* _EXERCISE PROMPT_:
Only the lines from the one with "STELLA MCCARTNEY x" to the end of the data, both ends included, should be output, exactly as they stand and without pictures.

* _DATA SECTION_:
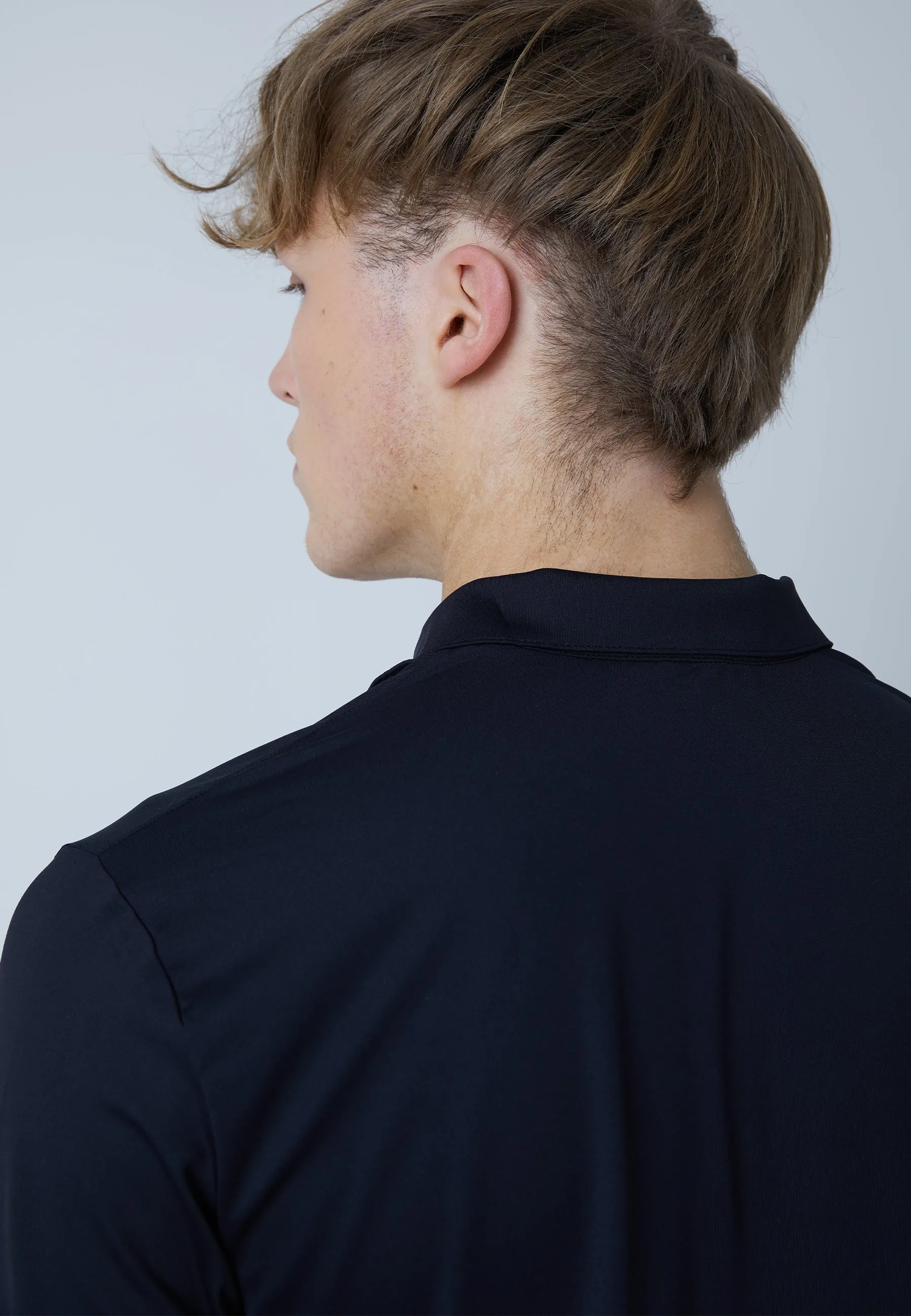 Men Tennis Longsleeve Polo Shirt, black
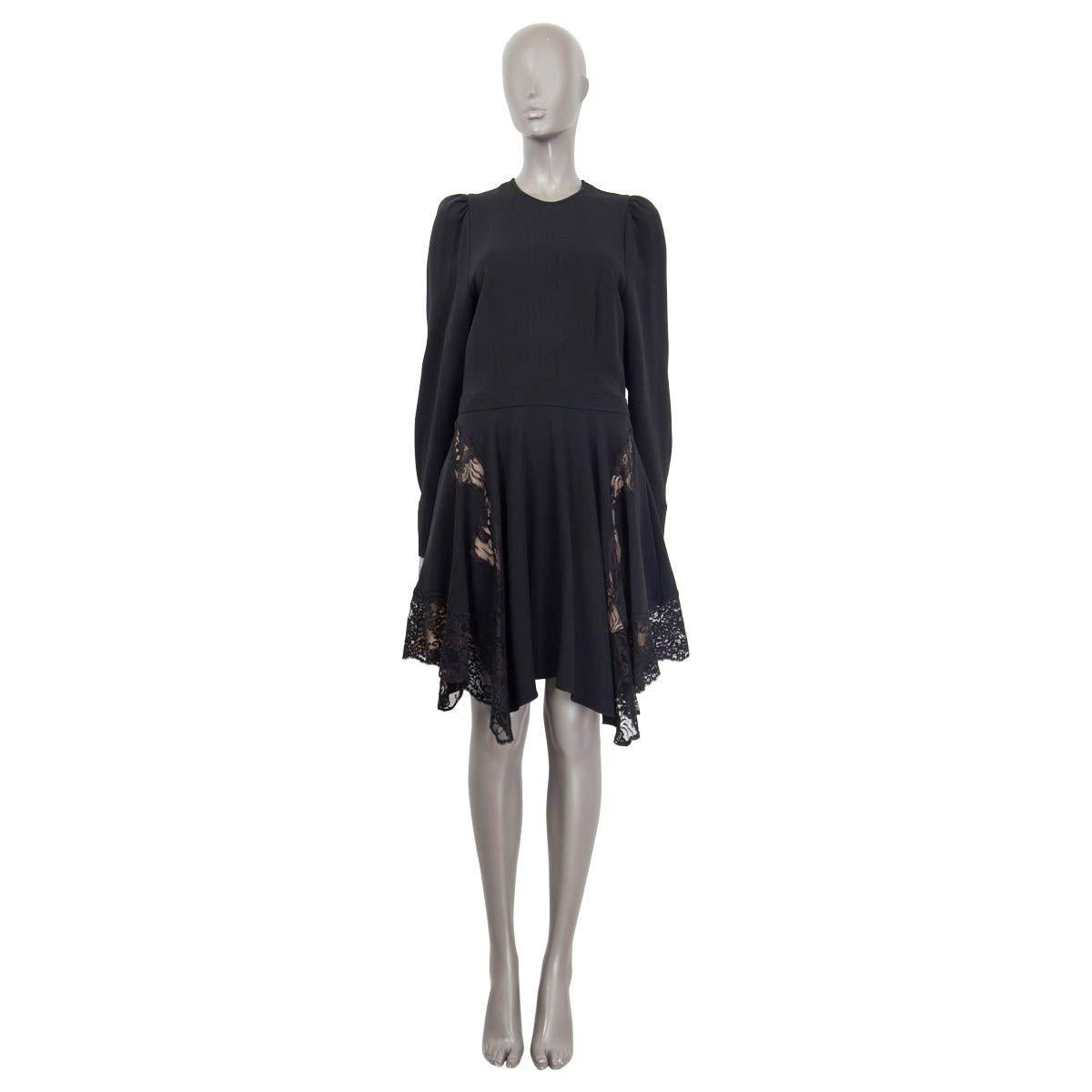 STELLA MCCARTNEY x NET SUSTAIN CELESTE black viscose LACE CADY MINI Dress 42 M For Sale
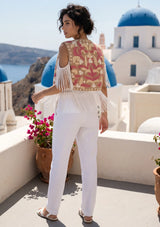 ibBan Hand Embroidered Jute Gilet | Luxury Summer Women's Vest -Donia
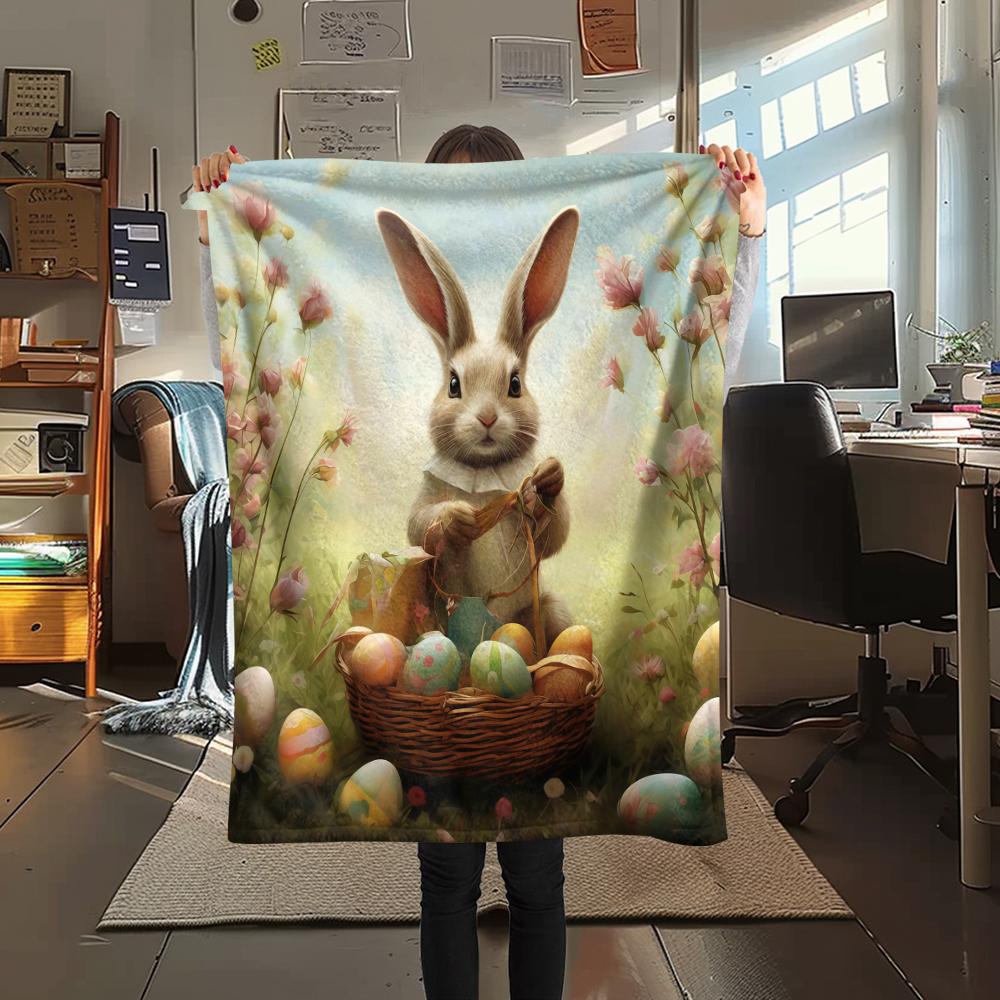 Easter Egg Print Flannel Blanket,High Quality Comfortable for All Seasons,Home Decor,Warmth and Comfort,Perfect for Christmas Gifts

* _TASK SOLUTION_:
 STELLA MCCARTNEY x NET SUSTAIN CELESTE black viscose LACE CADY MINI Dress 42 M For Sale
 ibBan Hand Embroidered Jute Gilet | Luxury Summer Women's Vest -Donia
 Easter Egg Print Flannel Blanket,High Quality Comfortable for All Seasons,Home Decor,Warmth and Comfort,Perfect for Christmas Gifts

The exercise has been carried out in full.